Canada has some of the world’s lushest forests, accounting for over 9% of the world’s forest areas. About 38% of Canadian land is composed of forest cover. The forests in Canada also have the distinction of being ‘stable’, i.e. less than half a per cent of the forest area has faced deforestation since 1990.

While Governments enact laws to conserve and protect the natural forest cover, it is down to individuals to adopt simple lifestyle changes to save forests in this beautiful country. Consider some changes one can make towards this goal:

#1 Practice ‘conscious Earth-friendly’ behaviour.
An environmentally friendly person is one who is conscious of the impact of their lifestyle on the planet. As a Canadian citizen, you can make simple changes in your daily life to reduce your carbon footprint – power the house with solar panels instead of using fossil fuel-generated electricity, recycle water, install LED bulbs, and use detergents and cleaning materials made from pure plant actives rather than harmful chemicals like bleach. Living with a greater awareness of the resources one uses in daily life, how and where they are produced, how you choose to heat up the house, your use of water and other non-renewable resources, and even the manufacturing processes for the products you use, can ultimately save forests, keep marine ecologies healthier and significantly reduce your home’s carbon footprint.

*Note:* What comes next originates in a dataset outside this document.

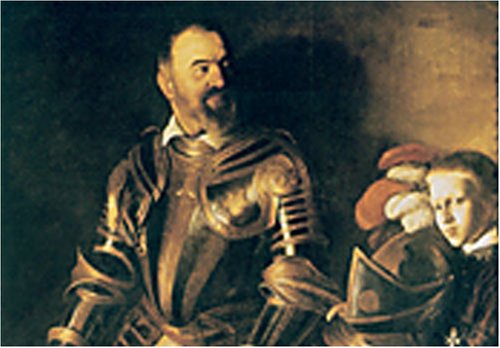 The Lives of Caravaggio (Lives of the Artists series) under Caravaggio, Michelangelo in The Books Store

#2 Recycle, reuse, conserve.
Adopt ‘Recycle and reuse’ as your daily mantra – if something can be put to use multiple times instead of being trashed after one use, or recycled, then the practice must certainly be followed. It is not just about using the nearest recycling station, but of using it properly and often. Ditch the use of single-use plastic and substitute plastic food containers, bottles, straws and other items with glass or metal ones. Meanwhile, conserving resources can be both simple and complex. It could be as basic as switching off the power when not needed, or choosing building materials that do not deplete the forests in Canada (such as wood).

#3 Plant trees around your home.
Keeping your home shaded from the sunlight helps reduce the use of electricity in the summer season. A simple change to make in this regard, is to plant trees around your home and care for them till they become stable. Not only do trees provide shade, they become nesting spots for birds, clear the air by providing oxygen, provide fruits and flowers, and so on. If you cannot plant trees, then aim to cultivate an organic kitchen garden. Growing your own produce is healthy for your home, and reduces the burden on commercial agriculture. Besides this, try reducing your dependence on meat every week and substitute it with vegetables, cereals and grains to lower emissions and save forest wildlife.

#4 Cook only as much as required.
Most households unintentionally discard uneaten food every day – this ends up in landfills and generates greenhouse gases like methane. The forests in Canada bear the brunt of rising greenhouse emissions. Meanwhile, food waste ends up wasting the resources that helped create that food in the first place, right from raw produce to fuel. Do ensure that you cook only as much as the household needs, and donate the uneaten portions to homeless persons instead of junking it. If you have kitchen waste, compost it rather than throwing it away.

Simple changes to everyday life can have a tremendous impact on the forests in Canada. Try and use biodegradable products wherever possible, shop locally instead of having products shipped from other cities or countries, and so on.